I am trying to forward fill values in a Deedle C# data frame, like the equivalent of using the pandas.ffill() function in python. The forward fill in pandas, allows for forward filling at both row and column indexes. I want do the same in Deedle, to take the nearest non missing value on the same row but from a different column, so across rows, which is very simple in python and pandas. I'm new to both C# and the Deedle library, and all I can find in the documentation is how to forward fill values within a series not across a data frame. Any help is greatly appreciated, I'm new to this, and I can't seem to find any substantial examples for this library anywhere.
This is an example of my data frame and I am trying to forward fill the values across the rows. So, the filled value for the missing value in col3 would become the last value in same row of col2 etc.
-------- rawDF ------
col1 col2 col3
AAA BBB
CCC DDD EEE
FFF
BBB AAA
DDD CCC
EEE FFF
AAA
BBB CCC
AAA
FFF AAA
DDD
The examples which are provided in the Deedle documentation for both C# and F#, only fill the values within a series as shown. If I attempt to FillMissing(); across the data frame I get nothing returned at all.
//Fill with previous available value in the series
var fillFwd = col2.FillMissing(Direction.Forward);
fillFwd.Print();
//Fill with the next available value
var fillBwd = col2.FillMissing(Direction.Backward);
fillBwd.Print()
---- nothing happens with the following ----
//forward fill all values in the DF
rawDF.FillMissing(Direction.Forward);
rawDF.Print();
//backward fill all values in the DF
//fill values in the DF with a constant value
rawDF.FillMissing(0);
rawDF.Print();
First of all, your second group of examples where you call rawDf.FillMissing
and then print rawDF
do not do anything because Deedle data frames are (mostly) immutable. Operations like FillMissing
return a new (filled) data frame and do not modify the original one. So, the right way of using the operations is as in your first group of examples where you assing the result to a new variable and then print that.

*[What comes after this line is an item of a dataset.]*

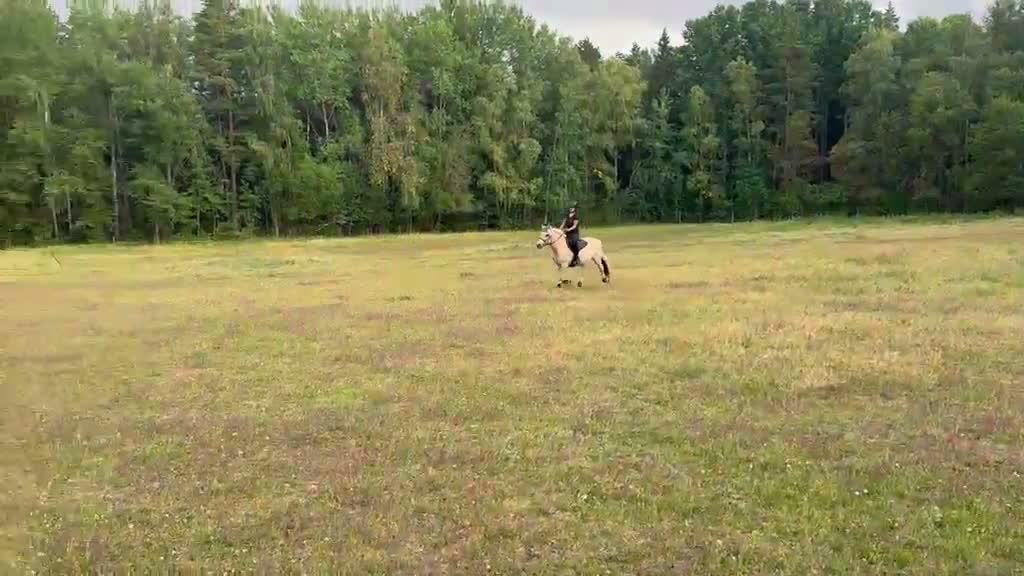  medryttarhäst finnes: Medryttare sökes mellan Märsta och Sigtuna  i Märsta - Video 2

Second problem I encountered was that when you read your sample data from (say) a CSV file, the empty strings in the file will not be treated as missing values but as valid (empty) string values. Deedle can treat those as missing values if you use Select
and turn empty strings to null
:
var df = Frame.ReadCsv("C:/temp/aa.csv");
var dfEmpty = df.SelectValues((string s) => (s == "") ? null : s);
Now you should see something happening when you use the FillMissing
operation as you did:
var fillFwd = dfEmpty.FillMissing(Direction.Backward);
fillFwd.Print();
As you correctly pointed out, this does not do what you want - it fills values from top to bottom. You wanted to fill data from left to right. One way to do this is to use Select
which lets you transform each row individually:
var fillRight = Frame.FromRows(dfEmpty.Rows.Select(row =>
row.Value.FillMissing(Direction.Forward)));
fillRight.Print();
You could also transpose the data frame, then fill the missing values and then transpose it back (which is quite nice way of expressing what you need, but trnasposition might be a bit more time consuming than just using Select
):
var fillRight = dfEmpty.Transpose().FillMissing(Direction.Forward).Transpose()